In the current environment, people have turned to a wide variety of communications tools to stay connected to friends, family, coworkers, customers and others. The challenge for a dealership manager is not that there aren’t enough communication tools. Rather, the issue is often that there are too many options, and many of them operate outside your auto dealership’s control, which means they do not engage with your CMS, DMS or other systems.
While operating remotely or as a virtual car dealership, it’s critical that as a leader, you emphasize the importance of your sales and service teams communicating effectively through the channels and processes you identify and manage on their behalf.
Make effective communication a regular topic of discussion with your teams and highlight best practices with praise or other more tangible rewards. The goal is to both show and tell your sales and service teams that their ability to deliver on customer experience expectations in the current dealership environment is dependent on not letting physical distance interfere with effective communication.
Manage Change – Don’t Be Managed By It
If there were ever a time for what business schools call “change management,” this is it. Making significant process changes without a clear definition of what you’re changing and why runs the risk of not being successful – or even causing more problems than it solves.
In fact, researchers report that three-quarters of corporate change efforts fail to meet their goals, or end up abandoned altogether.
This shouldn’t dissuade you from the critical effort of looking at the ways in which your service and sales teams usually interact and then defining how those processes must change to meet the needs of the current environment.

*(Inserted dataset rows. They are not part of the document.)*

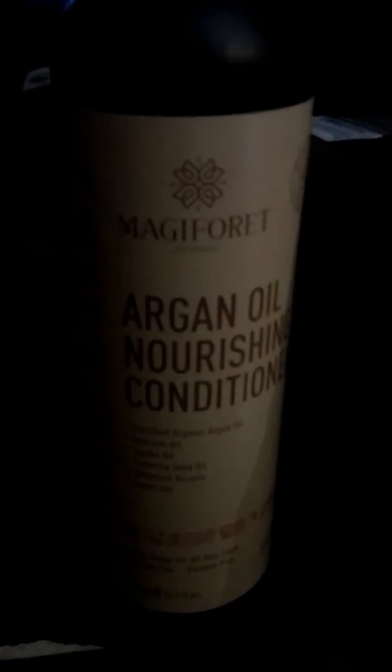So you can order it today. They do have a shampoo, and hopefully I will get the shampoo to use along with the conditioner. I think you get better results when you use the same conditioner and shampoo together. So order yours today and have gorgeous soft shining hair that you're going to love.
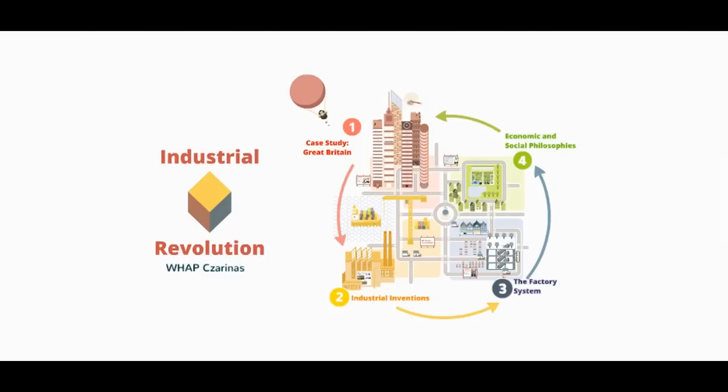Hi everybody, I'm Ms. Fovey. I'm Ms. Hardy. And today we are going to be talking about the Industrial Revolution, and this is part one of a two-part series.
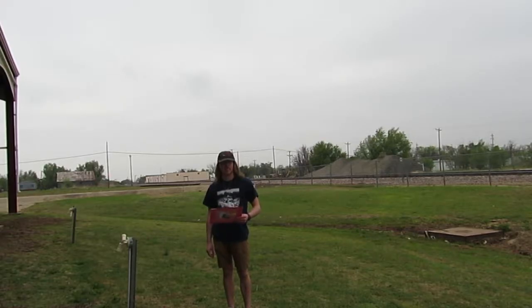Hi, I'm Matthew Laff, host of Matthew Laff Train Guy Segment Show. Today, in this segment, I'm at R. Wright Armstrong Park in Childress, Texas.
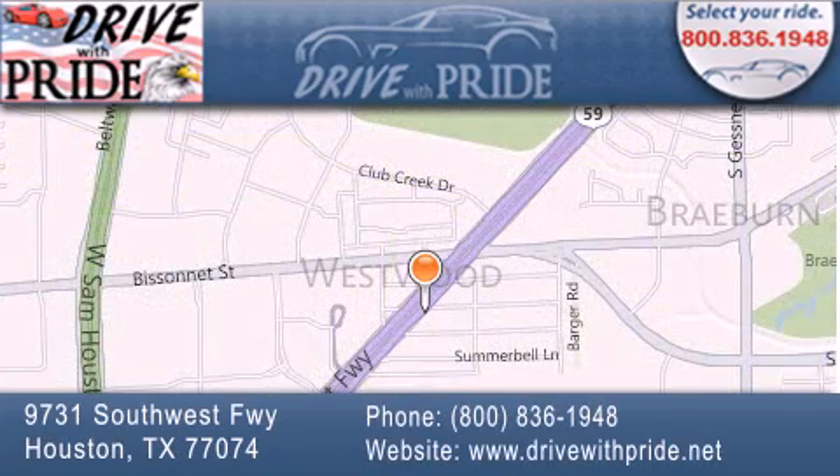If you have any questions, please visit our website, give us a call, or stop by our dealership. We are conveniently located at 9731 Southwest Freeway between Bisonette and Beltway 8. We look forward to serving you.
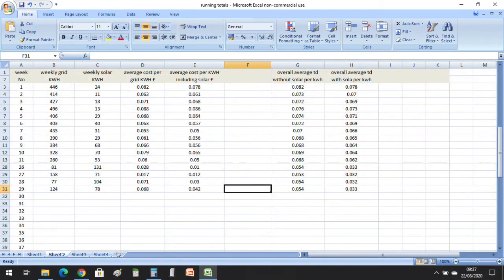The averages for the week work out at 6.8 pence per kilowatt hour from what we've drawn from the grid. And if you include the solar contribution, it works out at 4.2 pence per kilowatt hour. The 2020 averages from the start of the year work out at 5.4 pence per kilowatt hour drawn from the grid, and 3.3 pence per kilowatt hour when you include what we've generated from the solar.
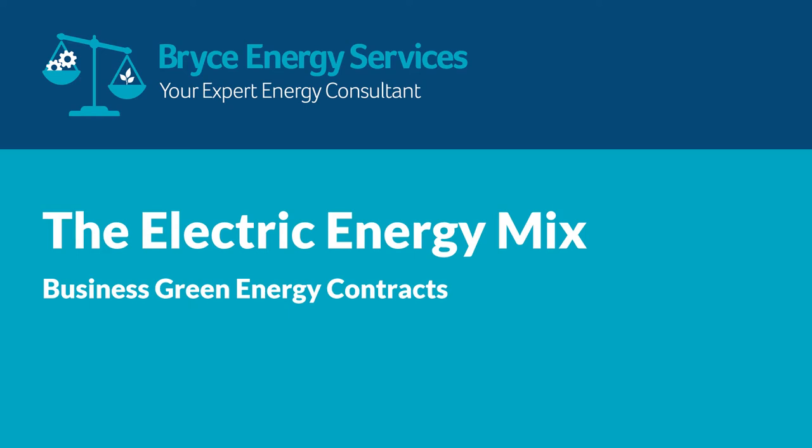Good afternoon. My name is Eugene Bryce from Bryce Energy Services. This is a short presentation on the electric energy mix and business green energy contracts. The idea is to describe how a business may use green energy contracts to reduce their carbon footprint, along with a bit of technical information as to what it's all about.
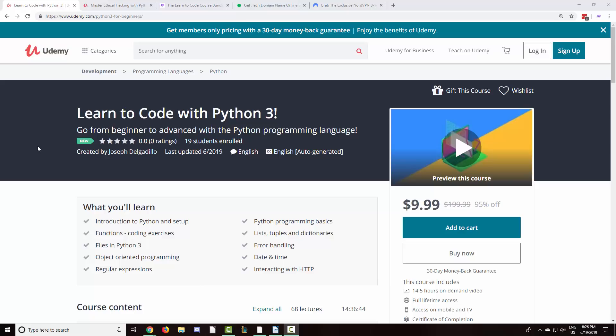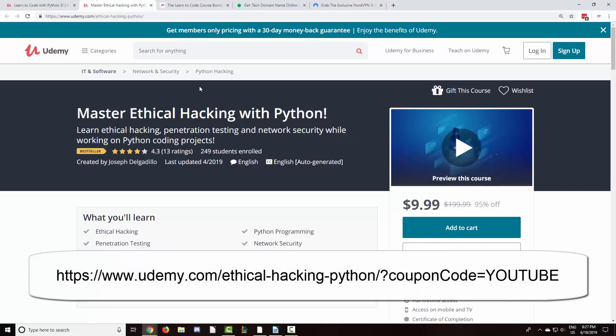First off, we just published two new Python courses on Udemy: Learn to Code with Python 3 and Master Ethical Hacking with Python. Many of you have requested more advanced ethical hacking tutorials, and Master Ethical Hacking with Python will teach you how to write your own pen testing tools.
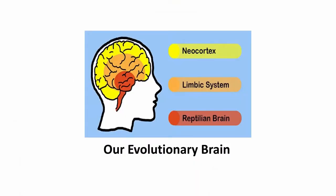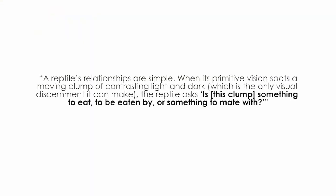The first and most ancient level of our brain is generally called the reptilian complex or reptilian brain. This level contains most of the simple neural structures that are present in reptiles, and is the basic engine for our involuntary biological activities such as our heartbeat, breathing, and body temperature. Apart from regulating these essential biofunctions, the reptilian brain is also the repository of our most primal instincts for survival and reproduction. A reptile's relationships are simple: when its primitive vision spots a moving clump of contrasting light and dark, the reptile asks, is this something to eat, to be eaten by, or something to mate with? This is the part of our brain where the term 'fight or flight' finds its origin.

This should be both a top-down review by leadership, as well as bottom-up from the people in the trenches who are trying to make things work. Even if you’re certain that you know exactly what needs to change and how, you’ll have a much stronger acceptance of change if your teams feel a sense of ownership in the process.
Once you’ve identified what needs to change to strengthen the connection between sales and service or in other areas of your auto dealership, the next step is to define exactly how those processes will change. Make sure you can draw a straight line between what you learned from your review about what needs to be done differently and how the changes you’re making address those identified issues. All too often, once organizations start contemplating making changes, the instinct is to make huge changes, or more changes than are needed. It’s easy to fall victim to “scope creep” by trying to change everything all at once.
For the best chance of success in your efforts to improve the connection between sales and service, you must be able to define what you’re trying to accomplish, explain what you’re changing (including how and why) and then be able to identify when you’ve accomplished that original goal.
Most importantly, don’t get discouraged. Change isn’t immediate. Things go wrong, and it’s easy to get skeptical and frustrated or bail out too early. This is why Harvard Business School professor Rosabeth Moss Kanter, one of the world’s leading experts on how businesses can successfully reinvent themselves and their operations, coined “Kanter’s Law” – “Everything looks like a failure in the middle.”
Keep being thoughtful, keep communicating, keep listening to what your team has to say and keep focused on what you’re doing to ensure the best customer experience possible – particularly when customers move through the service-to-sales process.